CONNECTICUT, USA — A warning for the Connecticut consumer about a critical drug shortage in the treatment of asthma and other respiratory illnesses. Albuterol is disappearing from pharmacy shelves. It’s a problem that could get worse before it gets better.
We are heading into Spring allergy season. It’s a trigger for many asthmatics. FOX61 discovered this Albuterol shortage is affecting mainly the liquid Albuterol used in a machine called a nebulizer, but to a lesser extent is also impacting the ability for people to obtain their personal tube inhalers.
Medication being in short supply is causing anxiety for Connecticut residents. Maria Lachance of Portland said.
“I take five major medications, and they are very important to me. I panic when I can’t get my medication,” said Lachance.
From Amoxicillin and cold and flu medications to now, the critical respiratory drug Albuterol. It’s used to treat everything from asthma and COPD to COVID. “Every day I have a person that just spends his day looking at all these shortages,” remarked Greg McKenna, the owner of Nutmeg Pharmacies.
Here's what's causing the shortage. Akorn Pharmaceuticals, one of only two makers of liquid Albuterol in the United States, is bankrupt. It’s impacting hospitals the most. “Here in the hospital we’ve been monitoring our use to ensure that we have absolutely enough supply,” explained Doctor Melanie Sue Collins of Connecticut Children’s Medical Center.
Here's what is being done about it. The FDA is allowing certain facilities to make their own Albuterol through a process called ‘compounding.’ “We have contracted with one of those pharmacies to compound the Albuterol for us to ensure that we always have adequate supply,” explained Doctor Collins.
The FDA is also considering importing the drug from foreign manufacturers. “We definitely need to incentivize manufacturers to make drugs within the United States,” said McKenna.

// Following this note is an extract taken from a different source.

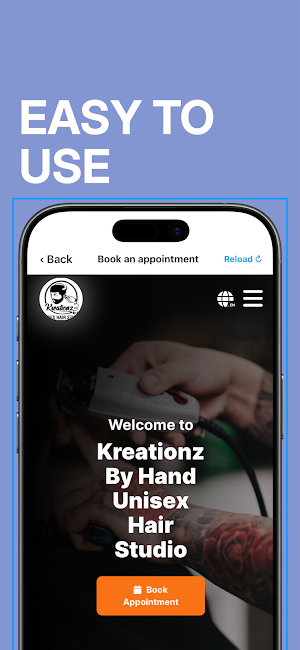 Kreationz By Hand Screenshot 2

McKenna told FOX61 the pharmaceutical industry is not only kneecapped by the lack of a domestic supply chain, but also by low reimbursement rates arbitrarily set by third-party pharmacy benefit managers. For example, a box of Albuterol costs McKenna $20, but he only gets reimbursed $4.76. “So I’m losing money to dispense it for the client,” said McKenna.
The FDA says it continues to monitor this Albuterol shortage but are limited in their authority since they can’t force private companies to increase production.
In total, the FDA lists nearly 300 medications that are either in short supply or recently resolved their supply issues.